Source records:
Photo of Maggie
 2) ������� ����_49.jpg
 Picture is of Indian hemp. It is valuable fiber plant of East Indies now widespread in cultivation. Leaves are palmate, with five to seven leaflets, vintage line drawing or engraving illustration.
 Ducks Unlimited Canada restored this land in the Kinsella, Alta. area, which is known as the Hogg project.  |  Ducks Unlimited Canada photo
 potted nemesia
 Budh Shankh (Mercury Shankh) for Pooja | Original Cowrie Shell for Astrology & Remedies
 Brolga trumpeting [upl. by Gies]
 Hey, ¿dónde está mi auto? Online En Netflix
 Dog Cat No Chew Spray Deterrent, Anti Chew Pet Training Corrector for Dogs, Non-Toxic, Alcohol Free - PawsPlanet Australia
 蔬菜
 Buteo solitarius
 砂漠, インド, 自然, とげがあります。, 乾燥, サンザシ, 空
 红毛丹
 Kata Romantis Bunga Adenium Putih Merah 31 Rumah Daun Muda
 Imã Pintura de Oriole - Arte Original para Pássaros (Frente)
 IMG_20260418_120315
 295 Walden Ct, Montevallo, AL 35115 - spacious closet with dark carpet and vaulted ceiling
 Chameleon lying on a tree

◆ AIM OF THE EXERCISE
Extract every line of the records above that contains the word "Original".

◆ WRITTEN REPLY
 Budh Shankh (Mercury Shankh) for Pooja | Original Cowrie Shell for Astrology & Remedies
 Imã Pintura de Oriole - Arte Original para Pássaros (Frente)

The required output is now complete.